現在の日本の学習指導要領では、1年生から算数で時計を学習しますが、実際のところ学習する前から時計を読める子が多いです。とはいえ、実は「時計を読む」ということはけっこう難しいのです。

子どもたちの中では、10進法(10でひとまとまり)がようやく定着してきたころに、急に60進法(60でひとまとまり)が登場し、60で1区切りになることに混乱してしまうようです

そこで私がおすすめする時計の学習方法は、時計を暗記するのではなく生活の中でどんどん使っていくことです時刻を読むだけでなく、実際に腕時計を持たせて時間を意識させたり、時間を計って感覚をつかませたりすることで、時計が身近な存在になり定着していくでしょう

目・耳・口を使って数字に触れていこう!

日付においても「今日は何日?」とインターに通う生徒に聞くと、日本語での日付の言い方が難しいのか、日にちを知らないのか、日付を言えない子が意外と多いことにも驚きました。

日本の学校では、黒板の右横辺りに常に「日付と曜日、日直さん」と書いてあったり、クラスによっては「今日は○月△日~」というセリフを毎日口にしたりします。

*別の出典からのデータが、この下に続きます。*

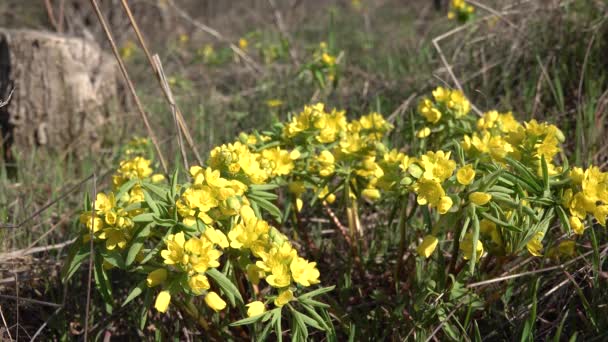 Gymnospermium Odessanum 우크라이나 북에서 강하구 우크라 — 비디오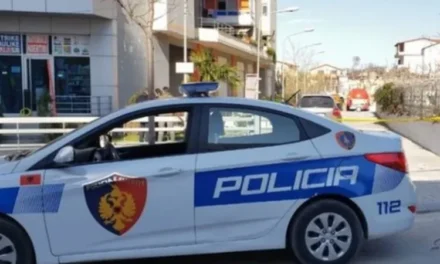 Shembet muri rrethues i një banese në Roskovec, humb jetën 4-vjeçarja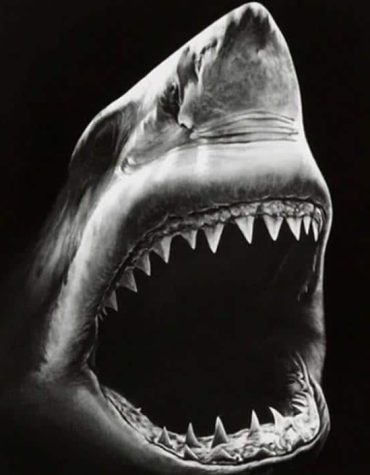 Black and White Shark Megalodon Paint By Numbers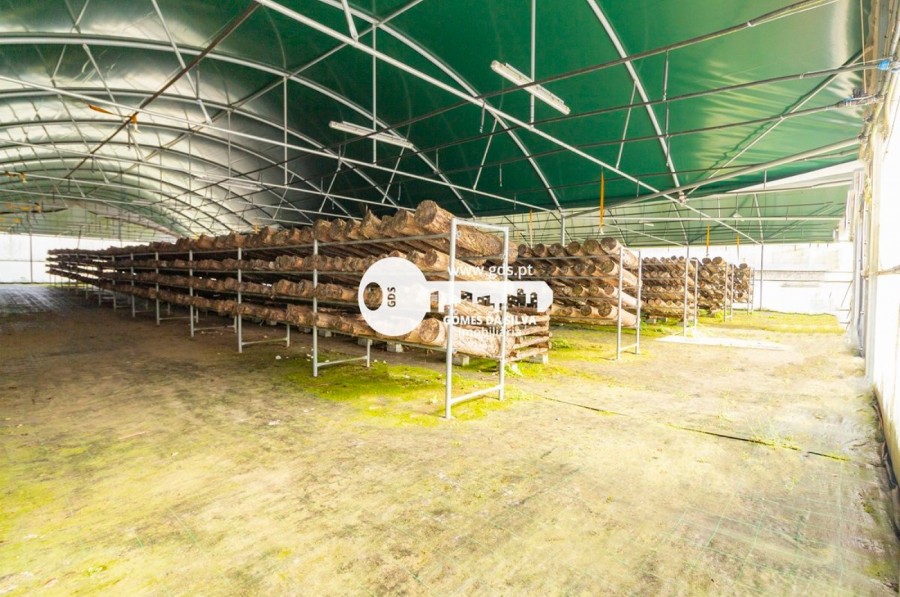 Quinta com duas casas e exploração agrícola em Fafe - Gomes da Silva - Imagem 4 Terreno em Estorãos, Fafe, Braga - Imagem 4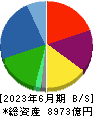 ＮＴＮ 貸借対照表 2023年6月期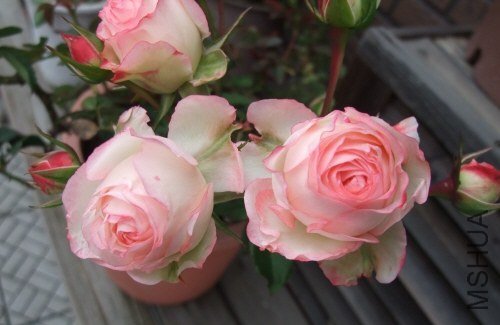 Tulipa \\'Shirley\\'.jpg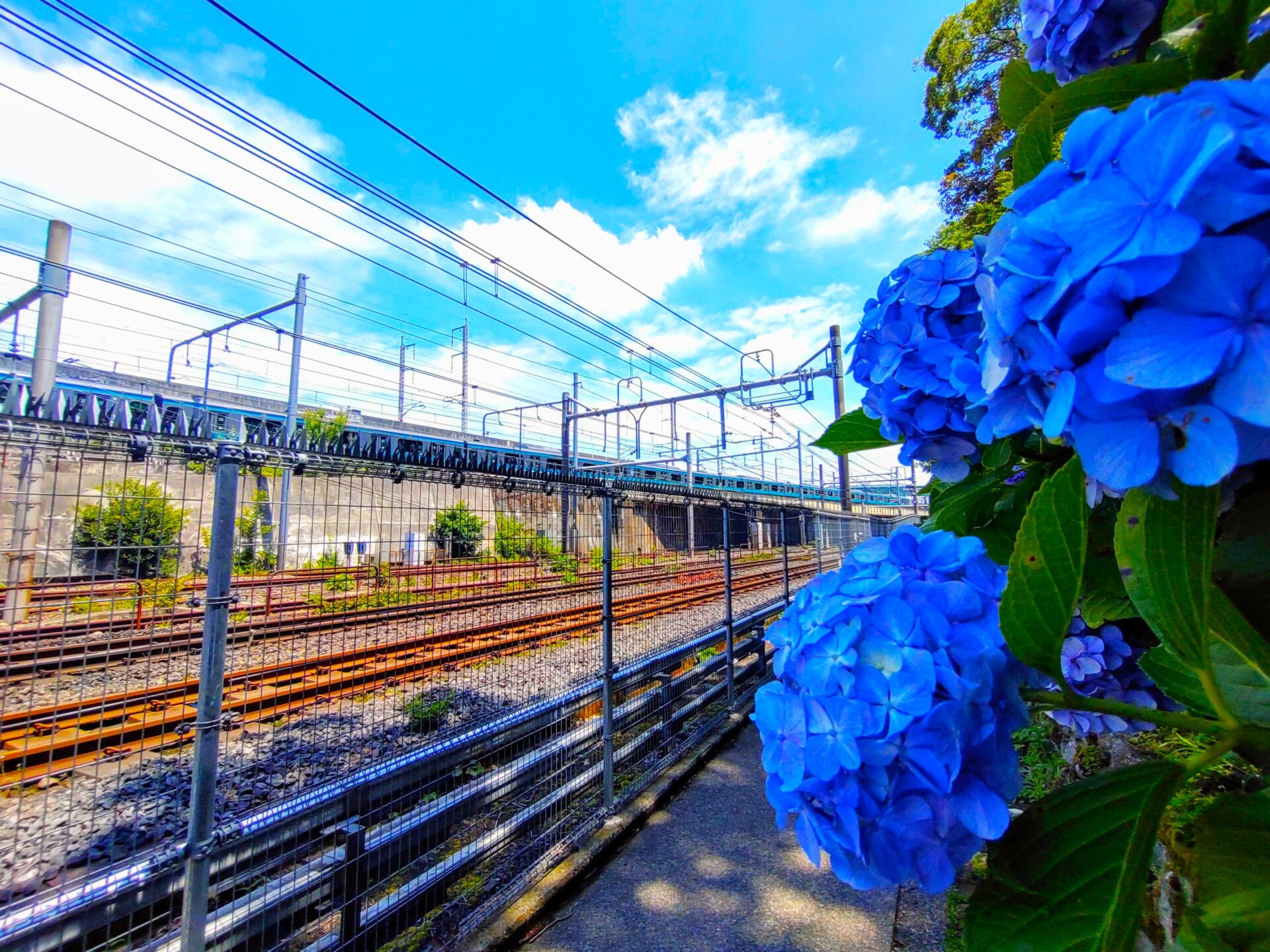 Asuka-no Shokei (hydrangea season) [Tokyo] | Tour of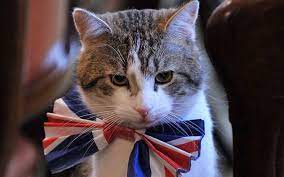 Por qué hay un gato con un puesto en Downing Street: todo sobre Larry, el funcionario permanente 1 Vida.es gato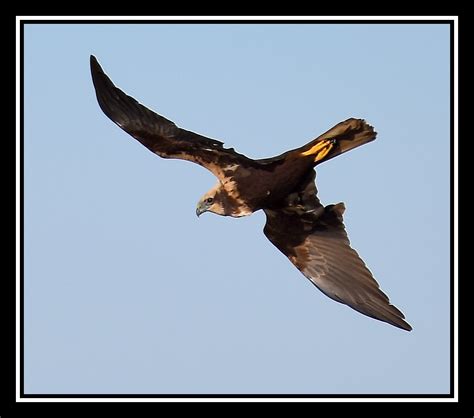 Carl Bovis Nature Photography Marsh Harrier Buzzard Kingfisher And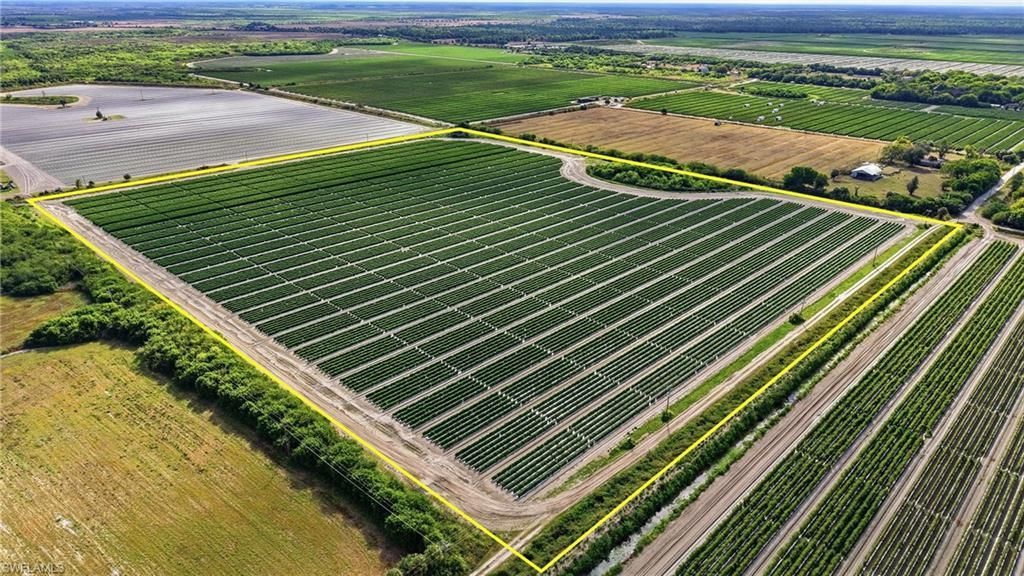 6150 Pringle Ln, Immokalee, FL 34142 Photo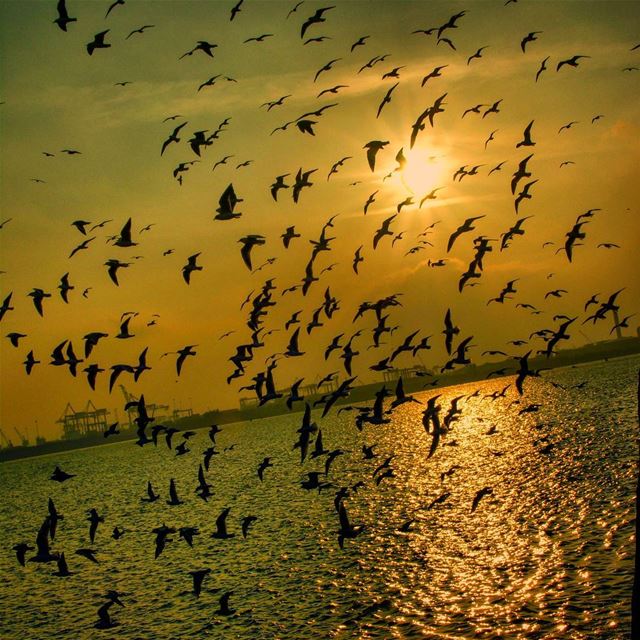 Birds sunset ireland  irish  dublin  ig_naturelovers  ig_lebanon ... (Bayside, Dublin)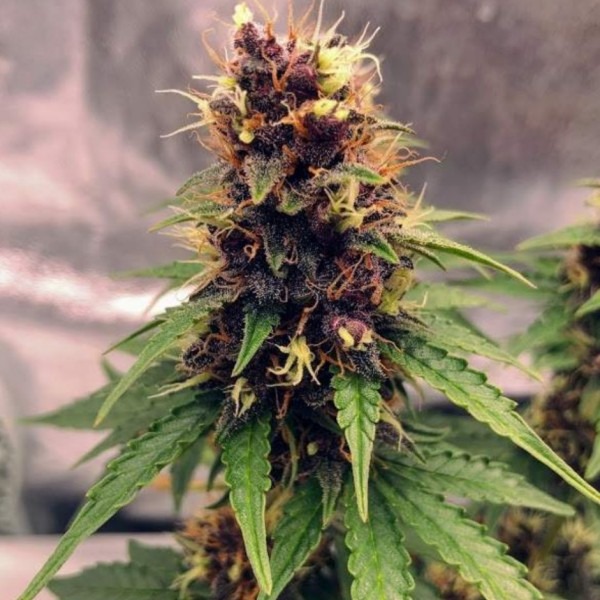 Auto Black Opium buy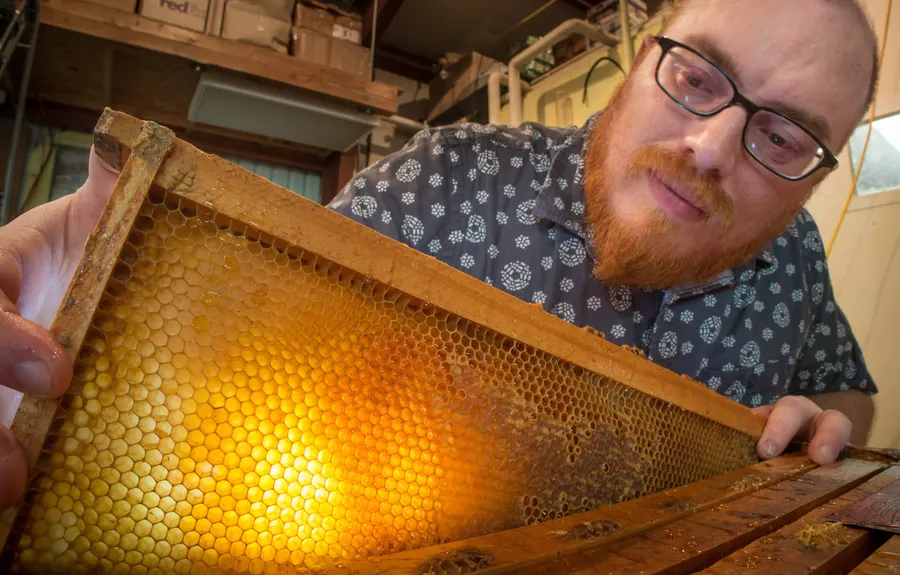 A beekeeper in gloves lifts a wooden frame of capped golden honeycomb out of a hive box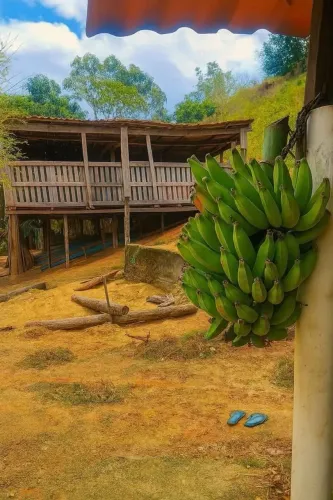 SITIOS Se você busca tranquilidade, vista permanente de montanha e uma região valorizando 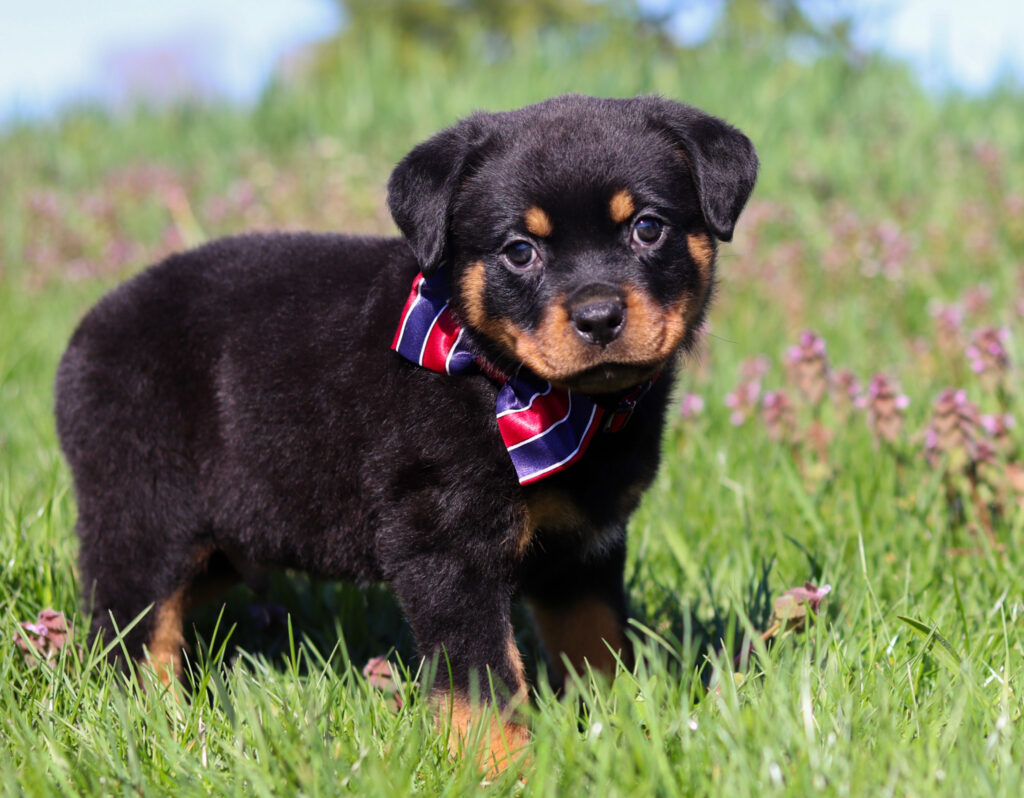 Max The Rottweiler Max - Superior Rottweilers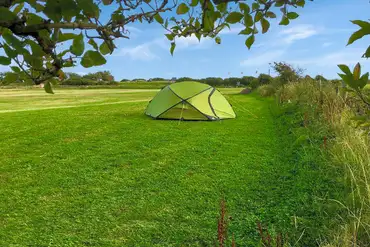 Tent on non electric grass pitches (7m x 3.5m)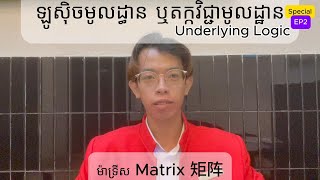 ឡូស៊ិចមូលដ្ធាន ម៉ាទ្រីស Matrix 矩阵 • SEP2  Shenze Sun [upl. by Niak]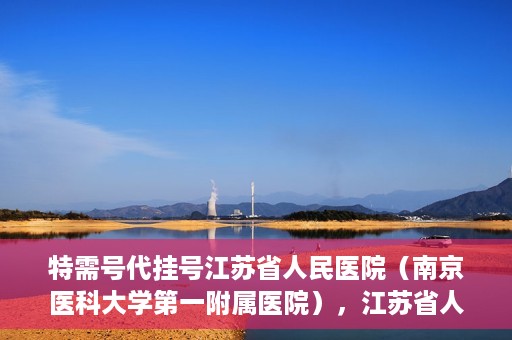 特需号代挂号江苏省人民医院（南京医科大学第一附属医院），江苏省人民医院特需号代挂号服务详解，南京医科大学第一附属医院权威解读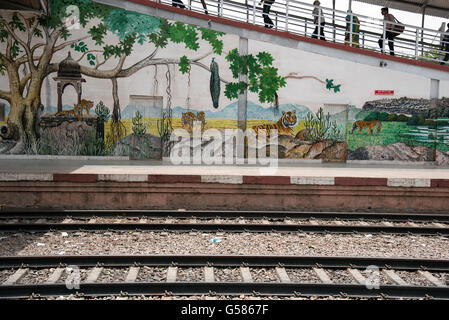 L'image de peinture a été prise à Sawai Madhopur, Inde Banque D'Images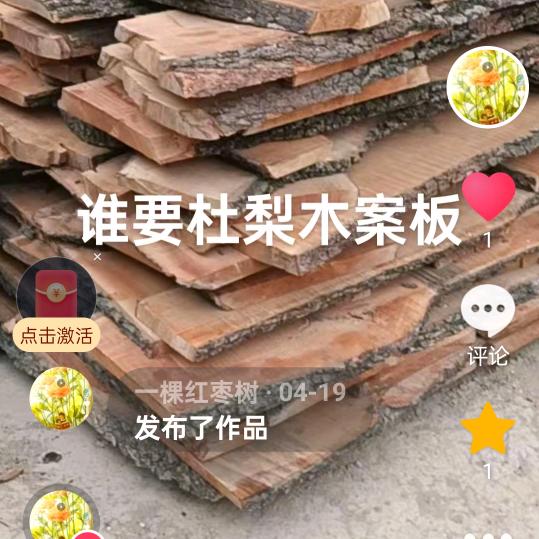 一棵红枣树
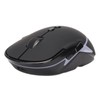 Wireless Gaming Mouse 3 Level Adjustable DPI RGB Color Backlit
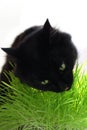 Big black cat eats green grass. Animal health. Favorite pet eats vitamins. Royalty Free Stock Photo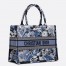 Dior Medium Book Tote In Blue Zodiac Fantastico Embroidery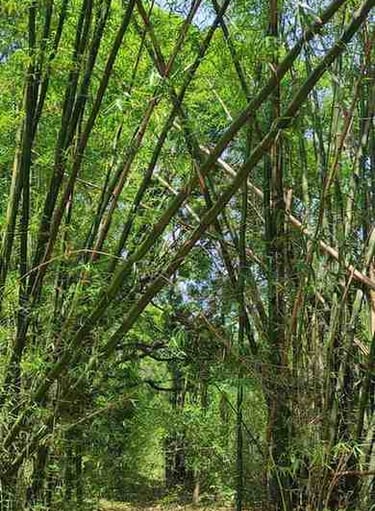 “Ground-level view of mature bamboo forest floor for bamboo salt raw material sourcing”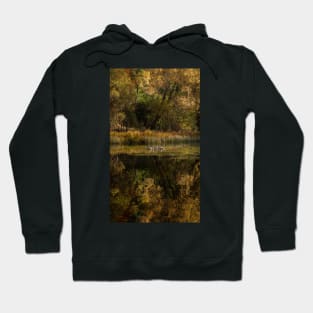 'Autumn Magic 5', Loch Dunmore, Pitlochry Hoodie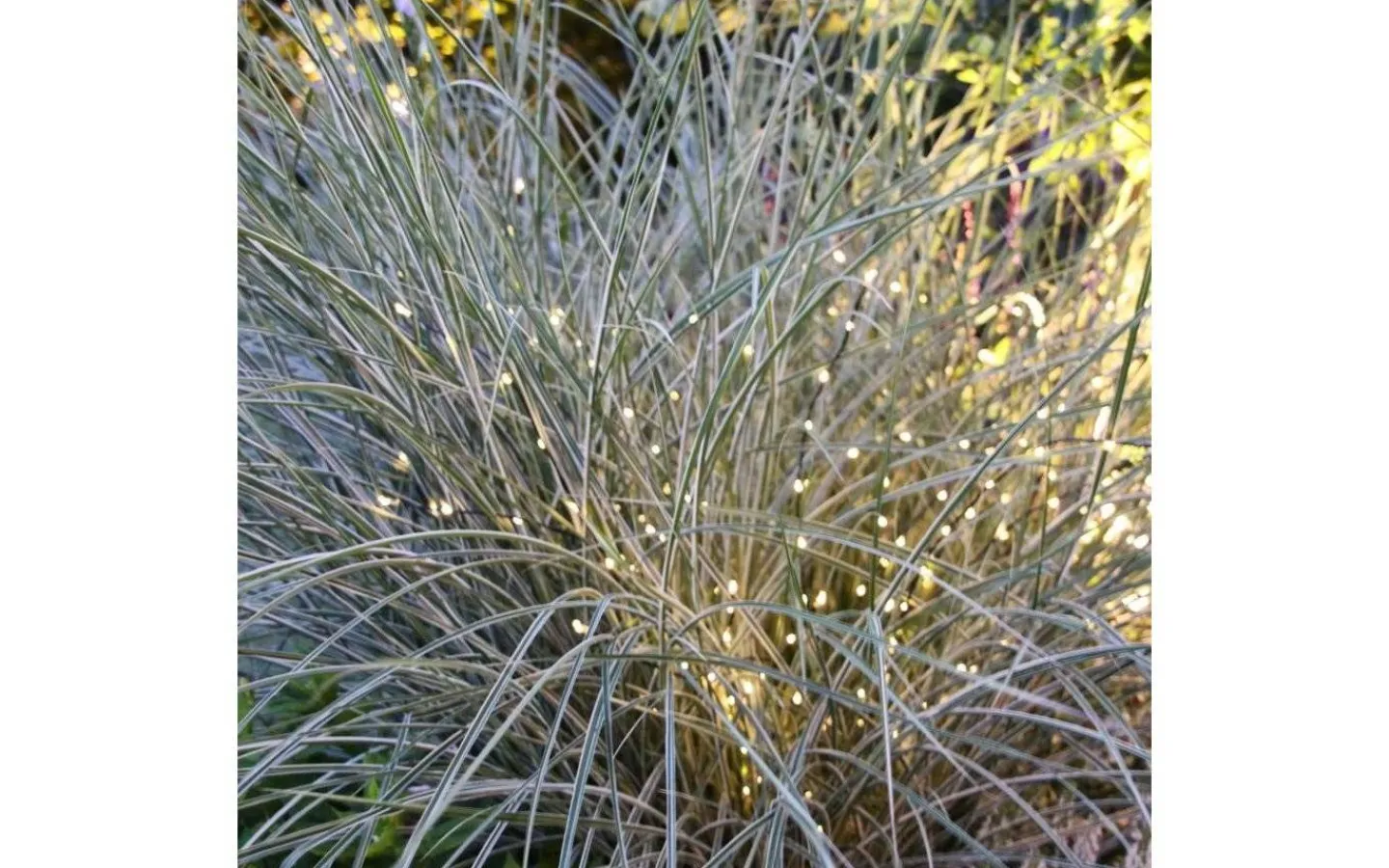 Lightson Twiggy Dekorationskvist 2-Pack LED* Lightson Garden Plug & Play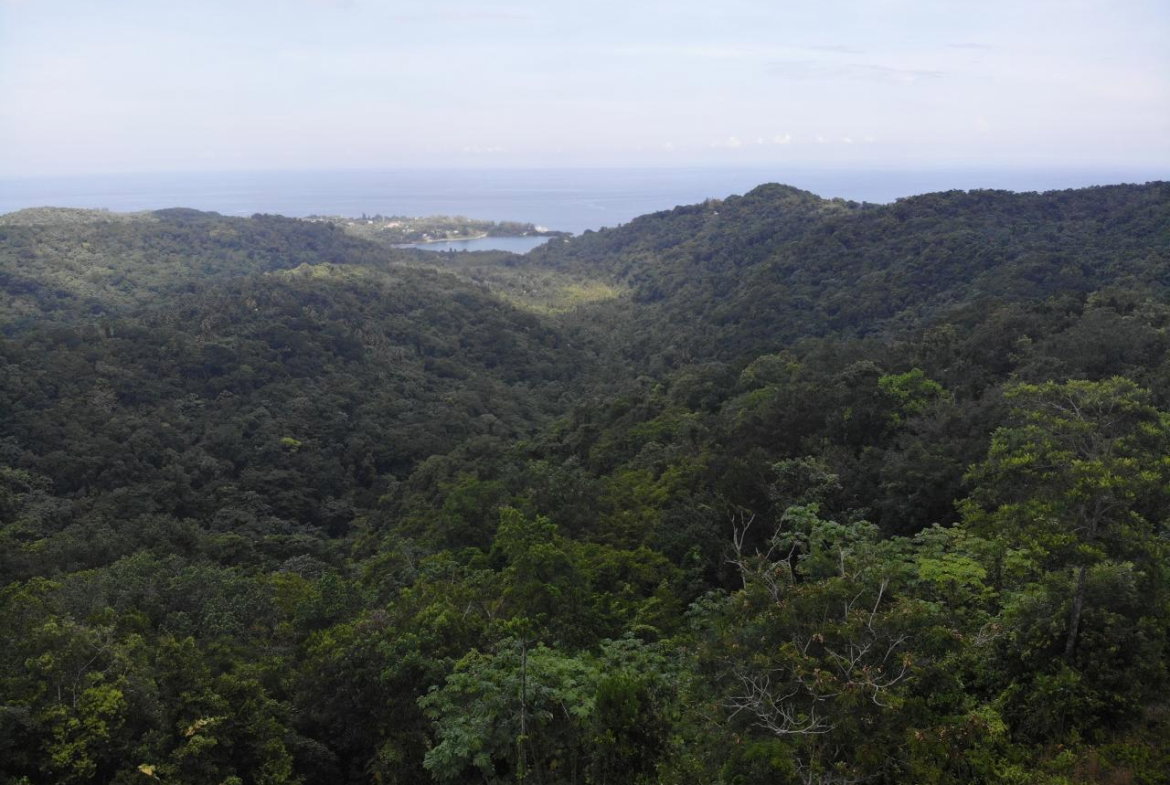 Twenty-Second image of 138 Nonsuch Road in Nonsuch, Portland, Jamaica - property is For Sale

そうすることで、日付が身近なものになり、慣れてくると読みづらい8日や20日といった読み方も自然と覚えるからです

また日本語は、数字ひとつとっても、1日、2日、3日、4日と、数え方によって読み方が異なるので、覚えるのに混乱するようです。そこでこちらも、「読み方を暗記する」のではなく、生活の中で積極的に使っていきましょう。例えば、日付を尋ねること以外にも、おふろに入るときなど子どもと一緒に1~10を数えてみてください「いち、に、さん~」のときもあれば、「ひとつ、ふたつ、みっつ~」といった数え方をするなど、変化をつけると語彙の幅も広がります

海外の教育事情と日本の教育文化第5回2

日常生活から生まれる学びの相乗効果を大切に

子どもたちとの会話の中で「この言葉を知らないの?」ということが多々あります。やはり、日常生活で登場しないものは必然的に覚える必要がないのです。また、それとは逆に「こんなことよく覚えているね~」ということもあります。特に、楽しかったことや印象に残っていることなどは、子どもたちの中でも記憶に残っているようです。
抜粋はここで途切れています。